TASK MATERIAL: Begin

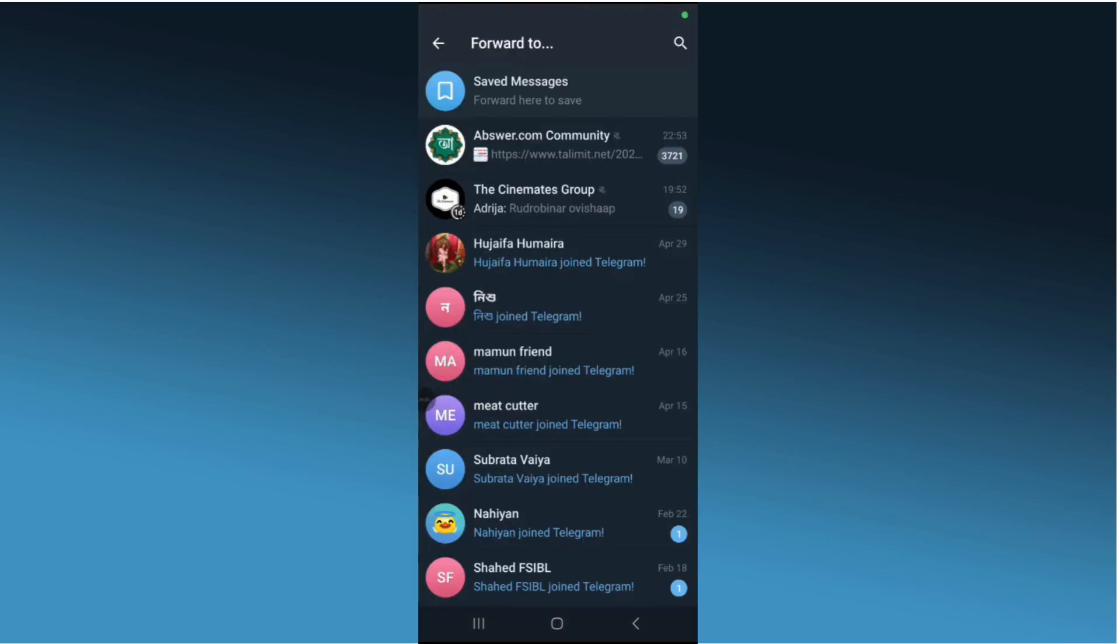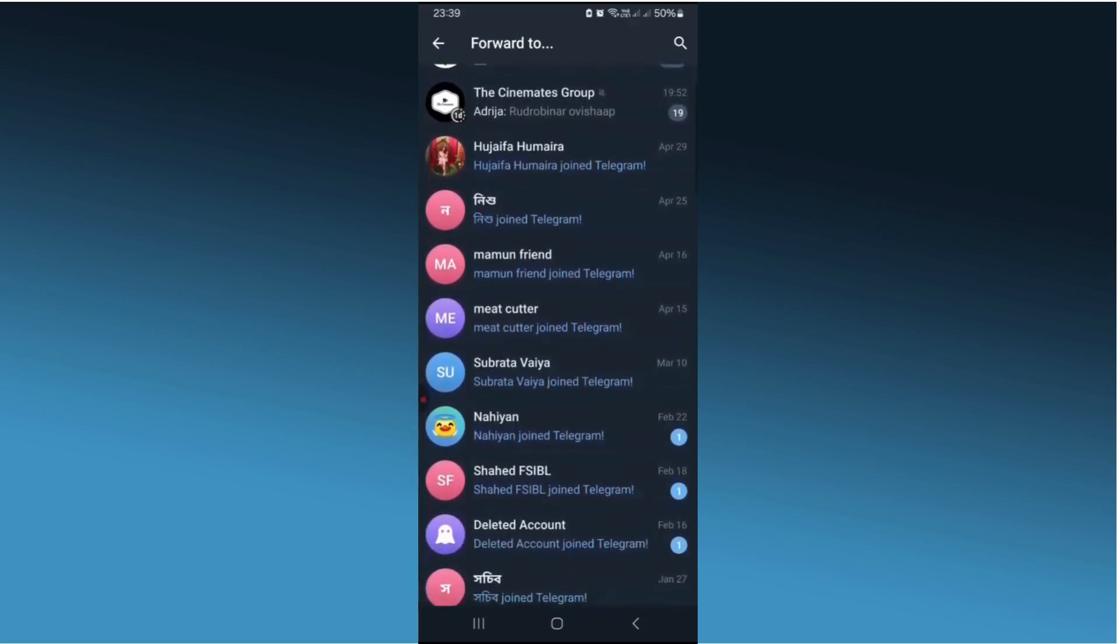And that's it! With these steps, you can forward videos from private Telegram channels without any hassle. If you found this guide helpful, give it a thumbs up and subscribe for more tech tips. Thank you.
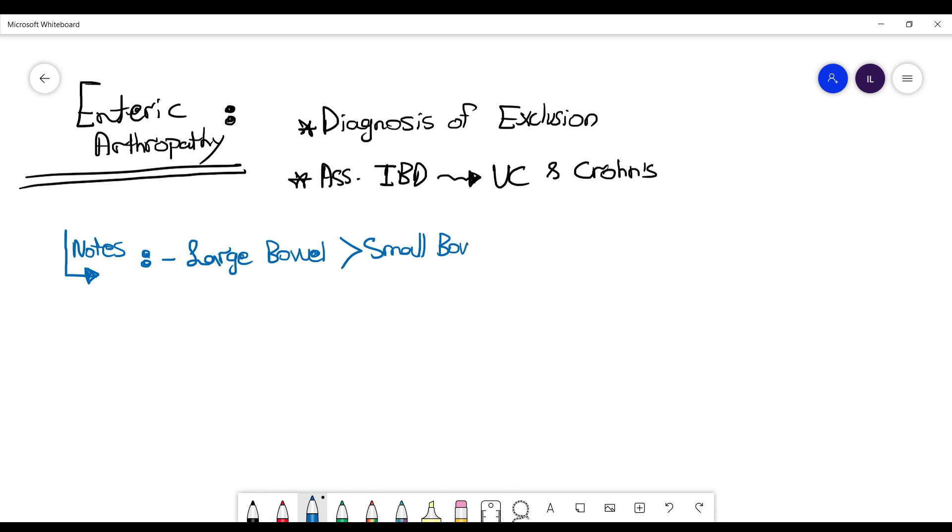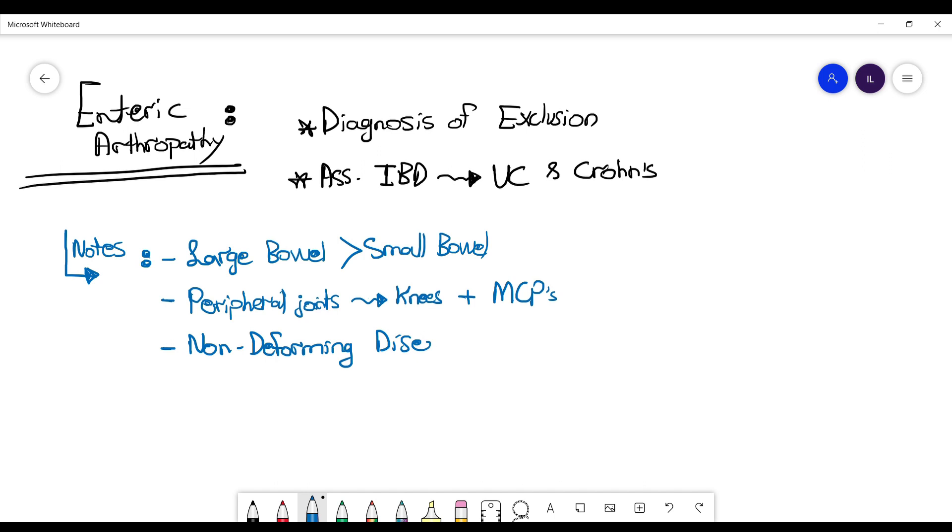And it involves the peripheral joints, mainly the knees and MCPs, and you need to know they are non-deforming, which means there will be no erosions if you do an x-ray. And that's a way you can differentiate it from rheumatoid arthritis, for example.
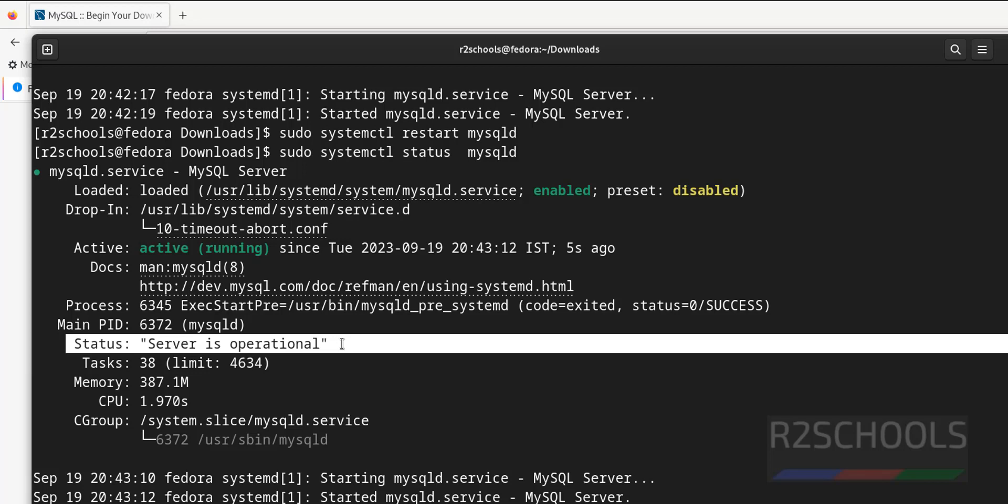So in this video we have seen how to install and configure mysql server on Fedora Linux 38 version. For more videos, please subscribe my channel. Thank you.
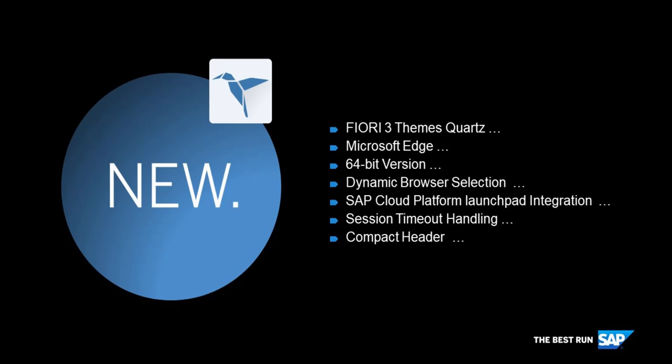The following features are available: Fiori 3 Themes, the new browser control Microsoft Edge to become more independent from Internet Explorer, a 64-bit version, dynamic browser selection, cloud launchpad integration, and session timeout handling.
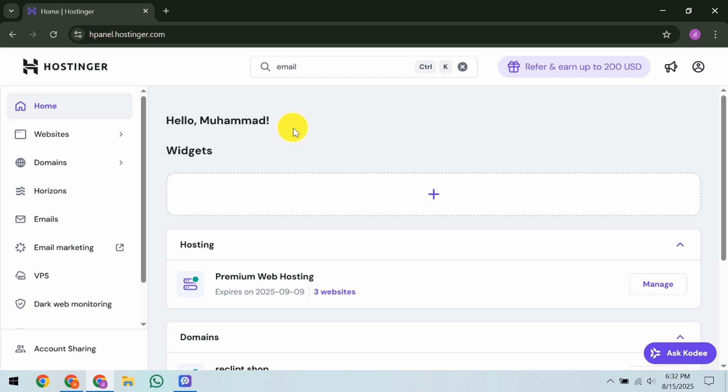So, let's dive right in and explore how you can do this. First, look towards the left-hand sidebar on your Hostinger H panel. You're going to click on Emails.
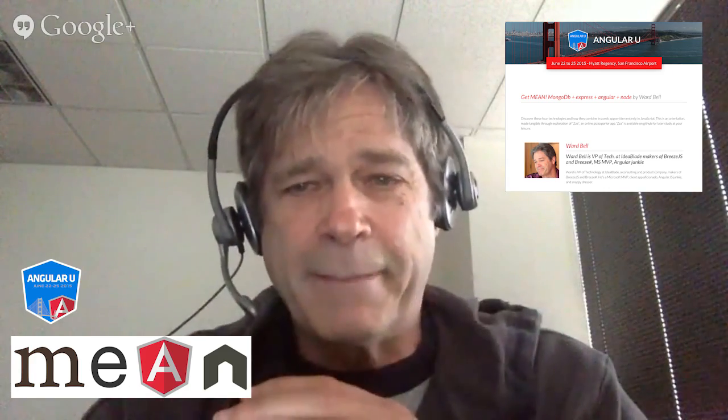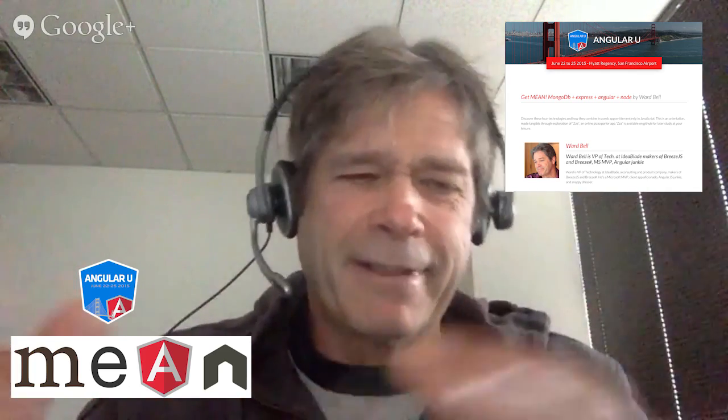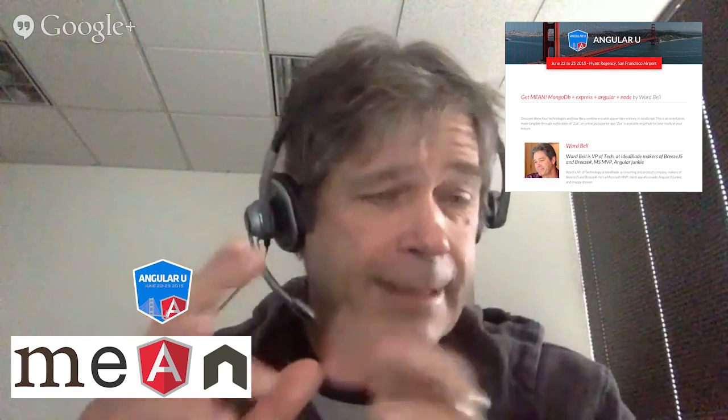Well, it's an acronym. The M is for MongoDB, which is the NoSQL document database where we store our data on the server. The E is for Express, the JavaScript server that runs on Node. The A is for Angular, which we all know and love, and that's for the client-side development of your app. And the N is for Node, the JavaScript platform that runs everything on the server side.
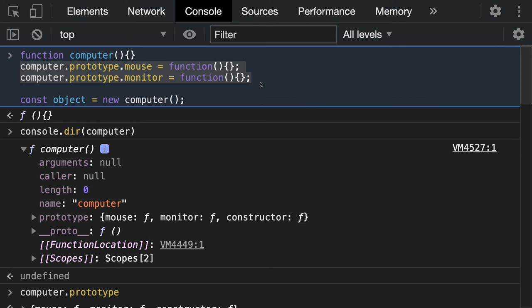That is called the prototype chain — or proto chain — which we talked about in the last video. When you create an object and then a new object from it, the proto chain points to the parent object, and all objects ultimately point to the capital-O Object.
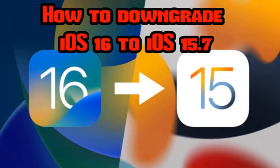Hello guys, welcome back to my channel. Today I'm going to explain how to downgrade iOS 16 to iOS 15.7.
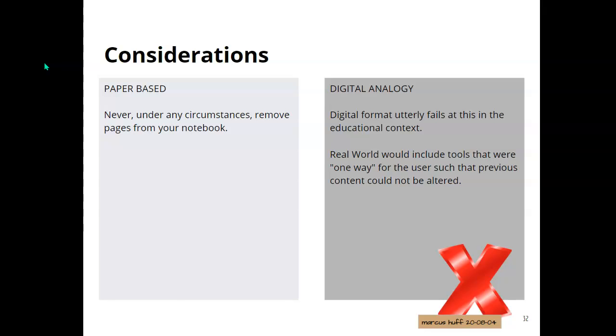However, in the digital world, it utterly fails at this. There's no way to tell if something has been added or removed conveniently. So in the real world, again, you would have a document control system where you had time and date stamps and sign-offs by staff and all that sort of thing cataloged for legal purposes.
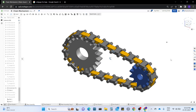Hey guys, welcome back to our channel Chandra Awesome. In today's video I'm going to show you how I achieved the chain drive animation in Onshape CAD software. We do not have any direct relation to perform this chain drive animation in any CAD software, but you can achieve this by using the available mate connectors and the relations inside it.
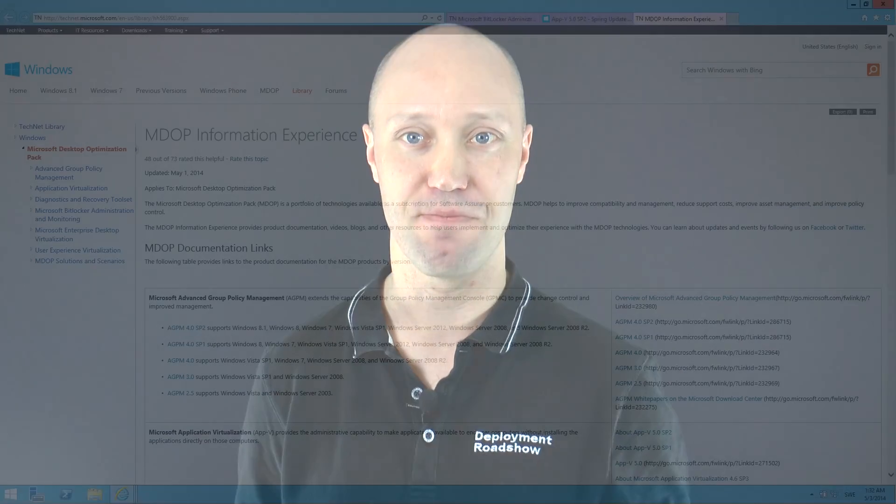Then for those of you who are using MDOP, the Microsoft desktop optimization pack, the new 2014 version was released this week, including major updates to both MBAM and AppV. And to take a look at those updates, let's check out this TechNet page.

TASK MATERIAL: End

- WHAT THIS TASK INVOLVES: The records must be restated word for word, apart from any images.

- ANSWER BOX:
And that's it! With these steps, you can forward videos from private Telegram channels without any hassle. If you found this guide helpful, give it a thumbs up and subscribe for more tech tips. Thank you.
And it involves the peripheral joints, mainly the knees and MCPs, and you need to know they are non-deforming, which means there will be no erosions if you do an x-ray. And that's a way you can differentiate it from rheumatoid arthritis, for example.
So in this video we have seen how to install and configure mysql server on Fedora Linux 38 version. For more videos, please subscribe my channel. Thank you.
The following features are available: Fiori 3 Themes, the new browser control Microsoft Edge to become more independent from Internet Explorer, a 64-bit version, dynamic browser selection, cloud launchpad integration, and session timeout handling.
So, let's dive right in and explore how you can do this. First, look towards the left-hand sidebar on your Hostinger H panel. You're going to click on Emails.
Well, it's an acronym. The M is for MongoDB, which is the NoSQL document database where we store our data on the server. The E is for Express, the JavaScript server that runs on Node. The A is for Angular, which we all know and love, and that's for the client-side development of your app. And the N is for Node, the JavaScript platform that runs everything on the server side.
That is called the prototype chain — or proto chain — which we talked about in the last video. When you create an object and then a new object from it, the proto chain points to the parent object, and all objects ultimately point to the capital-O Object.
Hello guys, welcome back to my channel. Today I'm going to explain how to downgrade iOS 16 to iOS 15.7.
However, in the digital world, it utterly fails at this. There's no way to tell if something has been added or removed conveniently. So in the real world, again, you would have a document control system where you had time and date stamps and sign-offs by staff and all that sort of thing cataloged for legal purposes.
Hey guys, welcome back to our channel Chandra Awesome. In today's video I'm going to show you how I achieved the chain drive animation in Onshape CAD software. We do not have any direct relation to perform this chain drive animation in any CAD software, but you can achieve this by using the available mate connectors and the relations inside it.
Then for those of you who are using MDOP, the Microsoft desktop optimization pack, the new 2014 version was released this week, including major updates to both MBAM and AppV. And to take a look at those updates, let's check out this TechNet page.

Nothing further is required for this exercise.